References and Additional Reading
D. A. Buehler, “Bald Eagle (Haliaeetus leucocephalus)” in The Birds of North America No. 506. (A. Poole and F. Gill, eds., 2000). The Birds of North America, Inc., Philadelphia, PA.
Jerry Feaser, The Growing and Prominent Presence of Pennsylvania’s bald eagles. Pennsylvania Game Commission News Release #072-12 (27 June 2012).
Donald S. Heintzelman, Hawks and Owls of Eastern North America. Rutgers University Press (2004).
Donald S. Heintzelman, Guide to Hawk Watching in North America. Globe Pequot Press (2004).

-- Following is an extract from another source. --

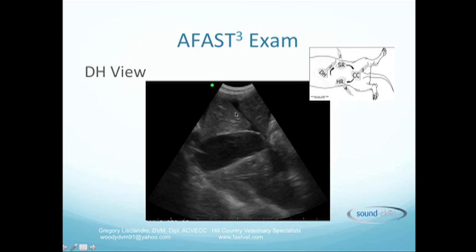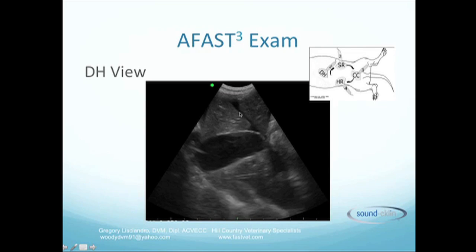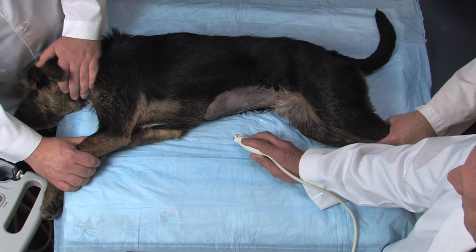This patient is positive — you can see a liver lobe and these anechoic black triangles. Anechoic black triangles are the easily recognizable ultrasonographic findings in FAST exams for free fluid. Here we are at the DH view.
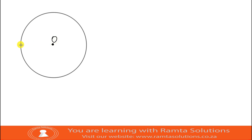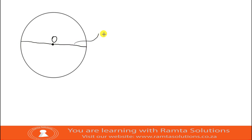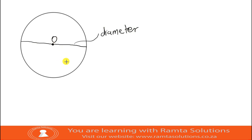Now I'm going to join a line from one end of the circumference to the other, a line that passes through the center, and we're going to call this line a diameter. So remember, diameter is a line that passes through the center of the circle, and it's basically moving from one point of the circumference to another.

Sandra E. Wright, Bald Eagles: A Threatened Species Becomes a Threat to Aviation. Proceedings of the 2007 Bird Strike Committee USA/Canada (9 th Annual Meeting, Kingston, Ontario). Available: http://digitalcommons.unl.edu/birdstrike2007/16/
About the author: Donald S. Heintzelman is a professional ornithologist with a special interest in raptors, and is the author of 22 published books. He has more than 50 years field experience studying raptors, tundra swans and other wildlife throughout the world. He lives in the rural countryside in southeastern Pennsylvania.